How many words have you read today? How many have you spoken? Or written? Or heard? Words are sometimes nothing more than the wallpaper to our lives - in the background and often ignored. But words can also be the most powerful weapon we have.
This year, the Holocaust Memorial Day Trust chose the power of words as the theme for the day, marked on 27 January, the anniversary of the liberation of Auschwitz. We chose this so that we can reflect on how significant and influential words have been in the past – to destroy, to resist, to witness and to bring people together. Today, words are no less important, and with social media, can reach more people and in greater volume than ever before.
I want to focus on just two words – Holocaust and Genocide.
Holocaust
Of all the horrific aspects of the Holocaust, I always think the speed with which it came about is one of the most terrifying. In 1931, would any German - Jew or non-Jew – have thought that within ten short years there would be concentration camps operational, and murder happening on an industrial scale across swathes of Europe, with millions of Jews already killed in ghettoes, camps and forests?
The conditions that allowed this to take place meant a cultural and legal embedding of latent (and sometimes, not so hidden) antisemitism on a vast scale.
Propaganda was deliberately used across every sphere of life – children’s toys, school books, posters in shop windows, newspaper articles and so on - and targeted carefully in differentiated ways at children, young people and adults.
Words were used purposefully to stereotype, foster division, whip up prejudice and, ultimately, to persecute. Without a cultural acceptance of the language and ideas used in these ways and the normalisation of separation and discrimination, the later steps that led to the Holocaust could never have taken place.
Genocide
On Holocaust Memorial Day we also mark the subsequent genocides in Cambodia, Rwanda, Bosnia and Darfur. These are all atrocities where alleged perpetrators have been indicted for the crime of ‘genocide’ at an international tribunal.

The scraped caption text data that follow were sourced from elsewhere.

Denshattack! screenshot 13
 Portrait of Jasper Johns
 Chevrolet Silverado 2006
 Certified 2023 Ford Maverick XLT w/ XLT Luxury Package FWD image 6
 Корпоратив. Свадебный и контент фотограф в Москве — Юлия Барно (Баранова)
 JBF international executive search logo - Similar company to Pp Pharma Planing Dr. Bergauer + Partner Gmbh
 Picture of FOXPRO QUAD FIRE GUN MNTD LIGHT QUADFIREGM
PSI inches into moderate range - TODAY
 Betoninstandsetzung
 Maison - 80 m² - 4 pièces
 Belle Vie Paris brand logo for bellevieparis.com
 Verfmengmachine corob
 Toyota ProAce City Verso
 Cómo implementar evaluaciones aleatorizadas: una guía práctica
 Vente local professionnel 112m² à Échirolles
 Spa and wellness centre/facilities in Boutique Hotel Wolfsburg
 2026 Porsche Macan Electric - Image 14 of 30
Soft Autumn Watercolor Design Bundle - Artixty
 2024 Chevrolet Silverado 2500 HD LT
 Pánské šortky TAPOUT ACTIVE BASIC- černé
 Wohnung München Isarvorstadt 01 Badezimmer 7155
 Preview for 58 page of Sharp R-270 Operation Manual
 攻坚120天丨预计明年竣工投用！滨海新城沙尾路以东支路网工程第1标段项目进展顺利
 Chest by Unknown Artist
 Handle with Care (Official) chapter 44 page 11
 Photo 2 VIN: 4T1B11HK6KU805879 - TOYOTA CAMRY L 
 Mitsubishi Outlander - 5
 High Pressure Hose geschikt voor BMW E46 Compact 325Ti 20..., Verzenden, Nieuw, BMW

In each of these cases we see similar processes at work with language used to denigrate and divide communities. The Khmer Rouge repeatedly used divisive slogans to spread fear and to dehumanise those they wanted out of the way.
But it’s not just in the past that we see language being used to deliberately divide and harm.
Today, our world often feels fragile, our society divided and suspicious. A recent parliamentary committee has heard evidence of the abuse suffered by parliamentary candidates - abuse that has frequently been misogynistic and anti-Semitic. This abuse is not confined to those who seek public office and take on a higher profile as part of that work. Ordinary citizens have been intimidated online and subject to vicious attacks, simply for who they are – for example, Jewish, Muslim or female.
Sometimes words are used without fully realising the consequences caused – but on many occasions this hurt and offence is precisely the outcome sought.
Yet at the Holocaust Memorial Day Trust we know that hundreds of thousands of people across the country reject the language of division, and want to come together to commemorate the past, and do more to create a safer, better world. We anticipate approximately 8,000 local events across the UK to mark Holocaust Memorial Day this year – an astonishing number each bringing people together in a positive show of togetherness and defiance in every corner of the country.